TRY IT – Copy exactly the lines starting at the one that contains "Building Photo - 212 Red Strm Wy" and running through the end of the material below. Exclude any pictures.

AVAILABLE DATA –
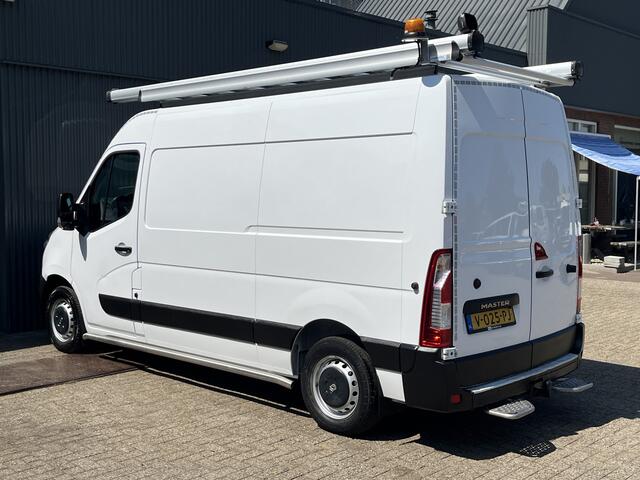 Renault MASTER T35 2.3 dCi L2H2 Airco Cruise controle Kastinrichting Trekhaak 2500kg Trekgewicht Imperiaal Schuifdeur Zijruit rechts Euro 6 Bpm vrij !!1e eigenaar Dealer onderhouden Ook ideaal voor ombouw naar camper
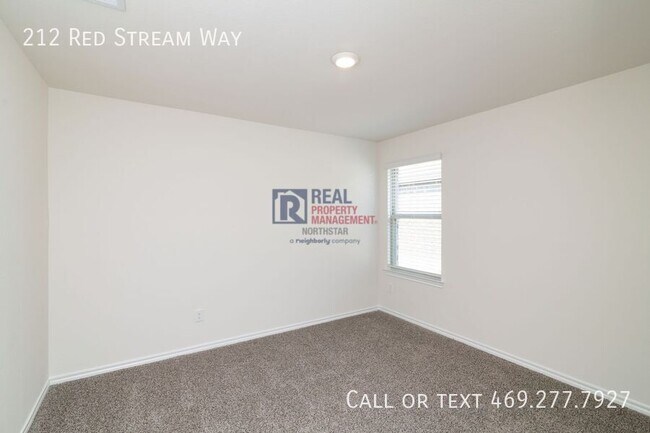 Building Photo - 212 Red Strm Wy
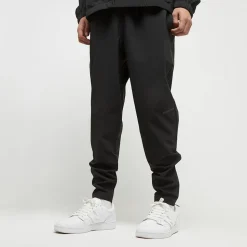 Active Stretch Woven Slim Pant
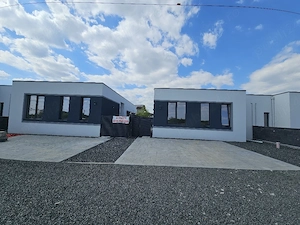 Duplex despartit prin camera tehnica in Mosnita Noua la 70ml de asfalt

EXPECTED ANSWER –
 Building Photo - 212 Red Strm Wy
 Active Stretch Woven Slim Pant
 Duplex despartit prin camera tehnica in Mosnita Noua la 70ml de asfalt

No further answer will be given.